▶ [DATA PROVIDED]
■ ■ ■ ■

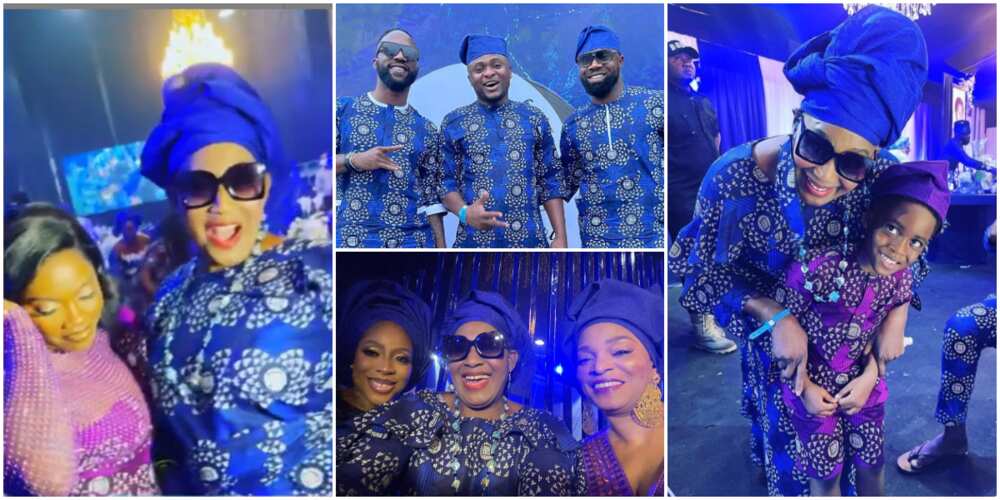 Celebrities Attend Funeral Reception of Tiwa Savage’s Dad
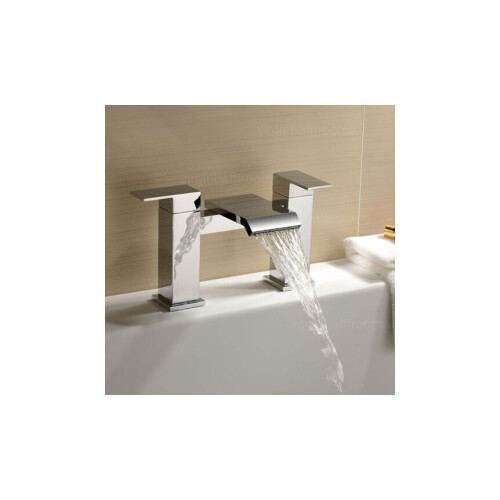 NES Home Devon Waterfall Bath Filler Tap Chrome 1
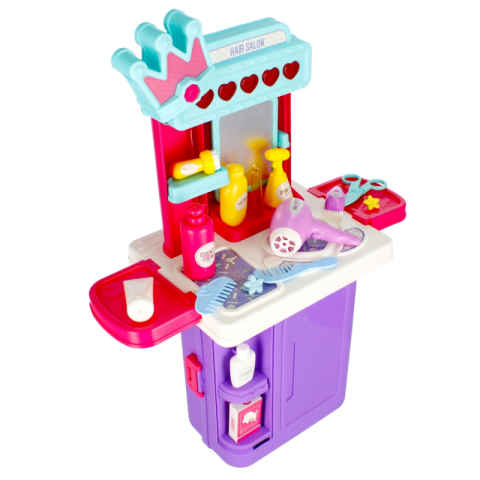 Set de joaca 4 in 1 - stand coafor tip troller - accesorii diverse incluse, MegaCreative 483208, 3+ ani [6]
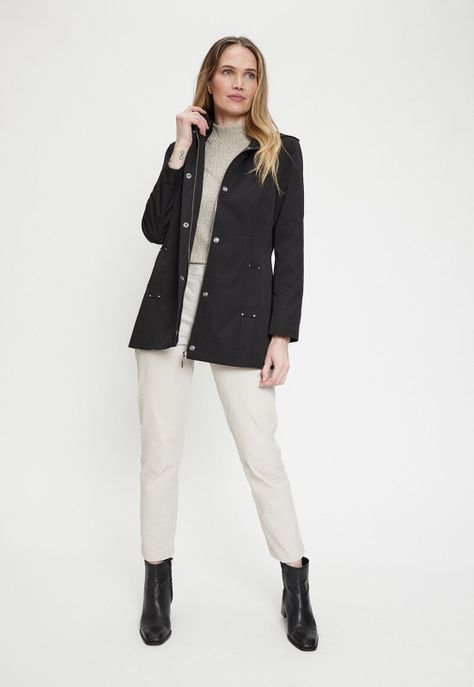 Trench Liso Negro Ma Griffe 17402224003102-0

■ ■ ■ ■

▶ [WORK TO BE COMPLETED]
Your copy must repeat the data word for word and show none of its images.

▶ [THE ANSWER]
 Celebrities Attend Funeral Reception of Tiwa Savage’s Dad
 NES Home Devon Waterfall Bath Filler Tap Chrome 1
 Set de joaca 4 in 1 - stand coafor tip troller - accesorii diverse incluse, MegaCreative 483208, 3+ ani [6]
 Trench Liso Negro Ma Griffe 17402224003102-0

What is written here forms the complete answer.